‘And all the people answered and said, “His blood be on us, and on our children.” '

For the idea here compare 2 Samuel 1:16; 2 Samuel 3:28. The people recognised quite clearly what Pilate was trying to do, and had been worked up into such a fever that they replied vociferously, “His blood be on us, and on our children.” They had recognised the symbol and were quite ready to take the blood guilt on themselves if it would frustrate Pilate. They treated the death of Jesus as lightly as the Chief Priests had treated Judas. But little were they aware of how literally God would take it, for within forty years their city would become a blood bath the like of which has rarely been seen since. Then they would bear their blood guilt indeed. We should note here how in Daniel 9:26 the ‘cutting off' of the Anointed One (Messiah) is also connected with the destruction of Jerusalem.
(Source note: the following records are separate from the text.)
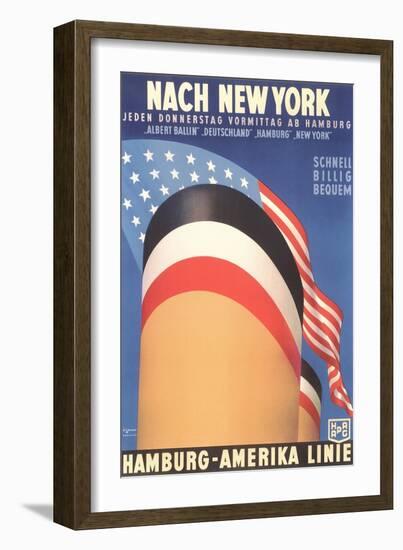 Hamburg America Line, Ship Funnel-Found Image Press-Framed Giclee Print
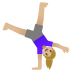 woman cartwheeling: medium-light skin tone on Google
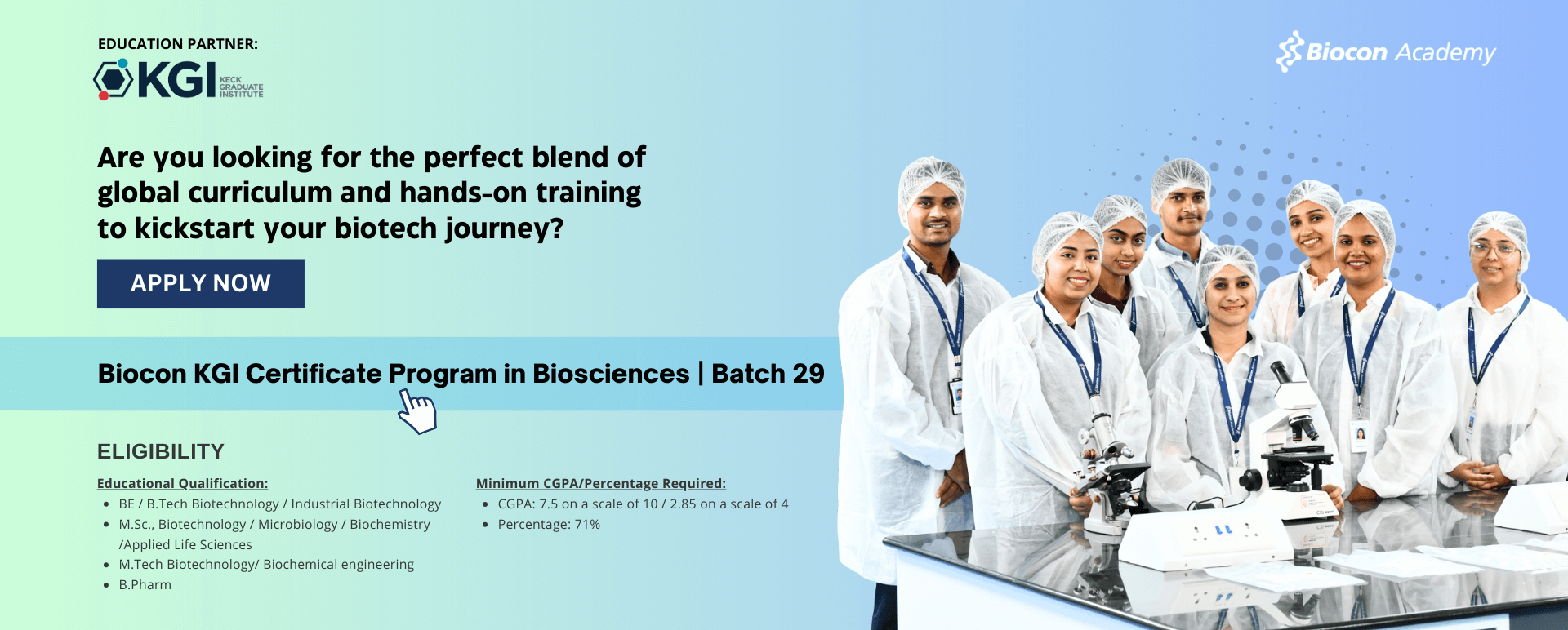 Biocon program banner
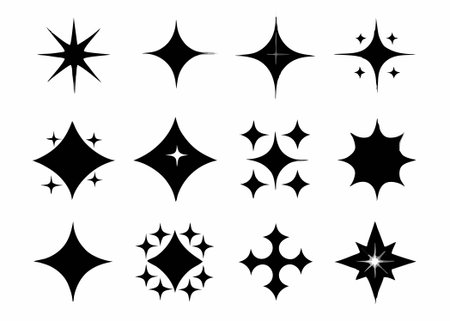 Collection of sparkles on white backgroundのイラスト素材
‘All the people.' Strictly this means ‘all who were present there', that is, all the crowd as they bayed as one. They knew the pressure that unanimity could apply. Compare ‘all Jerusalem' in Matthew 2:3. Once again the whole city was, as it were, aroused against Jesus. We should recognise that the idea is not that the whole Jewish nation will bear the guilt, and indeed many of that nation would come to Christ in the years that followed. It is rather that Jerusalem will bear the guilt, as indeed it did in a terrible way.

(As we have constantly stressed the guilt cannot be laid at the door of the Jewish nation as a whole, except in so far as it can be laid at the doors of all men. It is strange how people who would never take on themselves the guilt of a particular crime in which they were not directly involved, will nevertheless happily apply such guilt to others. I remember well how as a teacher in a school made up mainly of West Indians there were some who vociferously informed me that I wholly shared the guilt of the practise of slavery, while even the more well disposed still thought that there was some truth in it. And when I pointed out that I accepted no guilt at all for what others had done, and that I abhorred slavery, they yelled me down. Furthermore they would never admit that black tribes and Arabs were equally involved in the infamous trade, and therefore equally bore the blame. That would never do, for it might suggest that it was not white men who were totally to blame. And yet how quickly they would speak of it being unfair if a class was made to bear the guilt of a few (when it was often far more justified). It was a matter of ‘rules for some, and rules for others'. It is in a similar way that the Jews throughout history have often quite unfairly been made to bear the guilt of what happened here. But while certainly every Jew will have to give account for his failure to respond to Christ, as indeed will all who have so failed, it was only the minority, even in Jesus' day, who were really responsible for it, and who can really be described as having been guilty of crucifying the Son of God).